How on earth did “big huge” muscle its way into our everyday language, and take a stand as the de facto term for something large? What bright-eyed school kid was the first to spit it out, not knowing they were lighting a linguistic spark that would set ablaze our conversations in one of the most widely spoken languages on the planet?
I may be the only one climbing this mountain of linguistic curiosity, but I refuse to believe I’m the only one noticing this wildfire of a phrase.
Isn’t the word “huge” a large enough bucket to hold the mammoth magnitude of an object, issue, or event? Are words like “colossal”, “astronomical”, and “mammoth” not wearing enough of a dramatic cape to depict the titanic tale of Shaquille O’Neill’s humongous feet?

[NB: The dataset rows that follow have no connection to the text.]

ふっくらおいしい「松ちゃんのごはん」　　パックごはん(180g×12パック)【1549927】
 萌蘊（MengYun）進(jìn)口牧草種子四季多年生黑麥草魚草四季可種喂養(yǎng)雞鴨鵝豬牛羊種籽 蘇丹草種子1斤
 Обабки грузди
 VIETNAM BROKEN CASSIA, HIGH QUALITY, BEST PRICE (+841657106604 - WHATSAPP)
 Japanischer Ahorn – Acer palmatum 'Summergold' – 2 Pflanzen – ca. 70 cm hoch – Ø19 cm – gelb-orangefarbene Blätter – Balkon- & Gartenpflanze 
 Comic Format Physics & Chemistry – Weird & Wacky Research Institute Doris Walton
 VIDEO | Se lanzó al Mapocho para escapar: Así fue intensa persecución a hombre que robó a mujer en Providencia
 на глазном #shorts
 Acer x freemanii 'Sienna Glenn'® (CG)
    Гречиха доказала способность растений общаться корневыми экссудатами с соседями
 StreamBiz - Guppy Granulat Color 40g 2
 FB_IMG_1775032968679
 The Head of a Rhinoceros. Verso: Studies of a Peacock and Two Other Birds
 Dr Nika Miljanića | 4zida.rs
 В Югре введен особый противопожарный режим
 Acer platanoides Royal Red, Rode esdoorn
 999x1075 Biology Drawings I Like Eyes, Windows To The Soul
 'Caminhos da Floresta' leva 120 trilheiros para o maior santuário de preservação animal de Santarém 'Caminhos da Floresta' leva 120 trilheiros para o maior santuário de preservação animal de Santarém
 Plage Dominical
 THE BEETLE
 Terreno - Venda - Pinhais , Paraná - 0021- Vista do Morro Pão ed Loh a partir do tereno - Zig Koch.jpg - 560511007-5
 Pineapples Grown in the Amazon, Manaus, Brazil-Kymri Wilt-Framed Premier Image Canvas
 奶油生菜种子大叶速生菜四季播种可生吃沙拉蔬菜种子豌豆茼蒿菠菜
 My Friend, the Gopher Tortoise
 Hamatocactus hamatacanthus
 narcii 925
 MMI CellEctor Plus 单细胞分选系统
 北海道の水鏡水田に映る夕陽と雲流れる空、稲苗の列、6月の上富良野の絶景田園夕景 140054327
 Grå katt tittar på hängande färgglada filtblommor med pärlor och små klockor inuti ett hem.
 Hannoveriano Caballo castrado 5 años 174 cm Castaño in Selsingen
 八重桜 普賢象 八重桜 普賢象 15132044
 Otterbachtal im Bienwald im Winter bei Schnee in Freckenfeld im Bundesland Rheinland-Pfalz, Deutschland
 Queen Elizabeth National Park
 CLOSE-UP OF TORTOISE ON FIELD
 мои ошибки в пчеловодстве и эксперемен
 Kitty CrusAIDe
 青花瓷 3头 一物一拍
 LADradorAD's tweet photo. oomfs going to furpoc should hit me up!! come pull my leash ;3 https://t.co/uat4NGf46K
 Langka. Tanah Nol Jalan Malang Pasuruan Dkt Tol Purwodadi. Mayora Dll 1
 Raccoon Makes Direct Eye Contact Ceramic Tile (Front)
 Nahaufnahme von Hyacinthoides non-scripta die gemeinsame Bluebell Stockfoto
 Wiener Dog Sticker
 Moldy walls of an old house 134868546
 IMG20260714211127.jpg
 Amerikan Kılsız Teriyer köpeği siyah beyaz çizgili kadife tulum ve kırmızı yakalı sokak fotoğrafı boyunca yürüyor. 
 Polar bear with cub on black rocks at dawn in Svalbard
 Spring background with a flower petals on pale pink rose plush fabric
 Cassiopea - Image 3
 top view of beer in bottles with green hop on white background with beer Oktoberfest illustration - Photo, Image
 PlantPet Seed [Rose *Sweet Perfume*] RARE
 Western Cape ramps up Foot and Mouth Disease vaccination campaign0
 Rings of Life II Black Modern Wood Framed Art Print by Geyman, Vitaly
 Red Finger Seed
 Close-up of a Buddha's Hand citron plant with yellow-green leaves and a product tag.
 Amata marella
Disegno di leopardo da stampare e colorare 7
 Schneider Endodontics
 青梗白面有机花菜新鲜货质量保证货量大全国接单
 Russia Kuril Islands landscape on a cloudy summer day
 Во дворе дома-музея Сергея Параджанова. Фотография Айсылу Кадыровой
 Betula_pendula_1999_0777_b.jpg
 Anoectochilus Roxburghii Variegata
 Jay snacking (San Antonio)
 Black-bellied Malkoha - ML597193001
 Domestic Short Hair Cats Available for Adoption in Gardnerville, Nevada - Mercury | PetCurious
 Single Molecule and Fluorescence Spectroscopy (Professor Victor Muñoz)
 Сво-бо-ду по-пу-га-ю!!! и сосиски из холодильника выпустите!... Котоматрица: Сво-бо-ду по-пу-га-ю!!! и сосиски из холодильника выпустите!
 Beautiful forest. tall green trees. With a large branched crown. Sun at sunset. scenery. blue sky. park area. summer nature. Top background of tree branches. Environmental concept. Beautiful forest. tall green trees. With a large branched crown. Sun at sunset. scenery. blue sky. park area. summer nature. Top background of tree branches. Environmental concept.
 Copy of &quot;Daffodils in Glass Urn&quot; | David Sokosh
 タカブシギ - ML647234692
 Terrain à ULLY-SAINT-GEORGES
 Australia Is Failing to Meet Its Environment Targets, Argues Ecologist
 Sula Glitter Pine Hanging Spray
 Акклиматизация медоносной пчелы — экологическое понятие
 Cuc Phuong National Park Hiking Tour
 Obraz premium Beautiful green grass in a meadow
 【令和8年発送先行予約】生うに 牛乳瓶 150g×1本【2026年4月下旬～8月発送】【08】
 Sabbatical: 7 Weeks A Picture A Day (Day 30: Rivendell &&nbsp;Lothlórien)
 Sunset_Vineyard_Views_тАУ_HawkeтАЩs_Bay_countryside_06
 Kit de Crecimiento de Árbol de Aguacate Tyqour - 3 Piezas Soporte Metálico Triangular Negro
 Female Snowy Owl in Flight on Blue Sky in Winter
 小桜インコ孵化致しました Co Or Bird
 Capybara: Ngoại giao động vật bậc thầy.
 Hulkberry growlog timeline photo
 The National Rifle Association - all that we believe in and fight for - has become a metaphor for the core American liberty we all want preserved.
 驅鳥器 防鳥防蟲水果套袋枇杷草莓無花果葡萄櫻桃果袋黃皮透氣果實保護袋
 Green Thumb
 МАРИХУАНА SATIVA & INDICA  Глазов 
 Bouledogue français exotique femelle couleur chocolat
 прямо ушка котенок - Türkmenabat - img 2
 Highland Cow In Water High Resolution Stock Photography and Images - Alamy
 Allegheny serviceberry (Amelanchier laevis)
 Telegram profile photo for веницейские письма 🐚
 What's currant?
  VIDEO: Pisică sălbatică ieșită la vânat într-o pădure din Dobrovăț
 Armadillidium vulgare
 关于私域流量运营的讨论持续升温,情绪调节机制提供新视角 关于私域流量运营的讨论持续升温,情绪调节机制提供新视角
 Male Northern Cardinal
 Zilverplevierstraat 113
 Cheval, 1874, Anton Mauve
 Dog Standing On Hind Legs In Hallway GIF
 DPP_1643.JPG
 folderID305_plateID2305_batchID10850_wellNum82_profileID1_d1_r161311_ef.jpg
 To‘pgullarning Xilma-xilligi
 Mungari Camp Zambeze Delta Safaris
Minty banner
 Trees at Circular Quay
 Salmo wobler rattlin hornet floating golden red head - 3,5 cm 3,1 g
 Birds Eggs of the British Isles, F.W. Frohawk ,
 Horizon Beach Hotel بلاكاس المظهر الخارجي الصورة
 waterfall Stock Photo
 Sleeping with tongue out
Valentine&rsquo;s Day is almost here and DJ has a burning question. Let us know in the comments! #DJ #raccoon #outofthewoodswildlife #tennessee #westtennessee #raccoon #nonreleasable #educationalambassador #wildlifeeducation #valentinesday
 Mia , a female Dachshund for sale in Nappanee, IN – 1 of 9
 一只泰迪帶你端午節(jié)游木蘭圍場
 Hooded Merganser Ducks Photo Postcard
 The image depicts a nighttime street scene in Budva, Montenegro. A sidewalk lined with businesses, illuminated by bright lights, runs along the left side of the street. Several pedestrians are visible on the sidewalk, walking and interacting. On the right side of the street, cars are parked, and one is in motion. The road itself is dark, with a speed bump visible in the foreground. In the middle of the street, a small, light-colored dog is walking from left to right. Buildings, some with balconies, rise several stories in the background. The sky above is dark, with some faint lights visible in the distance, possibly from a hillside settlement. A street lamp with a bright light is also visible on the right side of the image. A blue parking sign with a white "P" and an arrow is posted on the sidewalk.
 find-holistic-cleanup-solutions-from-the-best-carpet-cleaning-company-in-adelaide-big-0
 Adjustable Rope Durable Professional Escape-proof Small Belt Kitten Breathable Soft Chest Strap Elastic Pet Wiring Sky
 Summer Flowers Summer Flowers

Let’s ponder these questions, as I unfurl my discontent with this phrase. It’s not just its omnipresence that grinds my gears. It’s its yawning lack of linguistic inventiveness. It’s as if we’ve abandoned the playground of word creation.
For instance, take “ginormous”. What a delight of a word! It’s like a dance between gigantic and enormous. When something is so gigantic it casts enormous in its shadow, that’s when we whip out “ginormous”. Bravo, word wizards!
Am I making a mountain out of a molehill? Perhaps my mind is just shooting off sparks after long work hours? The answer…probably.
But words matter. They aren’t tiny pebbles in the river of life; they’re the boulders that shape the flow! They’re big. They’re huge. They’re a monumental combination of both.
But they’re definitely, most certainly, not “big huge”.